Downingtown STEM Academy is a public high school and an International Baccalaureate (IB) World School in the Downingtown Area School District, located in Downingtown, Pennsylvania. The school has a unique curriculum that prepares students for college education and careers in the STEM fields. A major focus in the courses offered at the Downingtown STEM Academy is inquiry and project-based learning, as well as the growth of 21st-century learning skills. All the staff are dedicated to loving kids.

The school's enrollment is approximately 1000 students; admission into the school is required to attend.

==History==

The former Downingtown Educational Center/Ninth Grade Center was renovated to become the Downingtown STEM Academy in Fall of 2011. The school became an IB World School in January 2012.

As of December 11, 2013, the Downingtown STEM Academy was ranked as the top public high school in Pennsylvania, achieving a School Performance Profile score of 101.4, and in 2017 received a 104.0.

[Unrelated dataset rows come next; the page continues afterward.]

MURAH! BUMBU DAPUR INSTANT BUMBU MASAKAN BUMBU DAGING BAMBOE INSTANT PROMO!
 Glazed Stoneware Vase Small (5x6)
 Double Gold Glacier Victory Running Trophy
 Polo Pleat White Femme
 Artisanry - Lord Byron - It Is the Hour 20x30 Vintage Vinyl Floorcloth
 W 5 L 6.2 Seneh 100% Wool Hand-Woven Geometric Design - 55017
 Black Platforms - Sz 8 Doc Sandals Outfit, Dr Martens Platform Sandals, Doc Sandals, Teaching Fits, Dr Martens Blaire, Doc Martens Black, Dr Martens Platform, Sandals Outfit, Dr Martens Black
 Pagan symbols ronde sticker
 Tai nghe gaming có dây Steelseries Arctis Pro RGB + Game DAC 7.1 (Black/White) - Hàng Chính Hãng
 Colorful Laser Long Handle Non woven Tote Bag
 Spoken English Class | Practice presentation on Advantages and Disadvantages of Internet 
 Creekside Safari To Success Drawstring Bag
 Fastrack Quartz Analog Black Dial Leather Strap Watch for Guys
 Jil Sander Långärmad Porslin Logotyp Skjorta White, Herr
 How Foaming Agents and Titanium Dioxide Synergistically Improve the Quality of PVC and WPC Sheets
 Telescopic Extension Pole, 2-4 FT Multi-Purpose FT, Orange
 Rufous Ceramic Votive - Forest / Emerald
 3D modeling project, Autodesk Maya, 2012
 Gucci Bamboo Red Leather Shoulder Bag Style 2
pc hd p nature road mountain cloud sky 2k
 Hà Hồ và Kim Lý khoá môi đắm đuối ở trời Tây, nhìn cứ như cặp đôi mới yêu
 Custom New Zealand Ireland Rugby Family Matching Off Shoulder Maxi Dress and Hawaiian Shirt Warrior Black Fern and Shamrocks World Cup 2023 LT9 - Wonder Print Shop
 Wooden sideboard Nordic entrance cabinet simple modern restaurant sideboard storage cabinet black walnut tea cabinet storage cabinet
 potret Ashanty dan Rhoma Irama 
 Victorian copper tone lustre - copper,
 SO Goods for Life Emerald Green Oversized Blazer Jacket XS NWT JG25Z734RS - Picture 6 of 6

In 2018, U.S. News & World Report ranked the Downingtown STEM Academy as the number one public high school in the state of Pennsylvania, and number thirty-four in the United States. In 2026 Downingtown STEM Academy was ranked #22 in the United States according to U.S. News & World Report .

==International Baccalaureate Curriculum==

In the ninth and tenth grades, students take "pre-diploma" classes that prepare them for classes in the IB program. In the eleventh and twelfth grades, students take six IB classes and have the opportunity to participate in the IB Diploma Programme to achieve an IB diploma, in addition to their diploma from the Downingtown Area School District.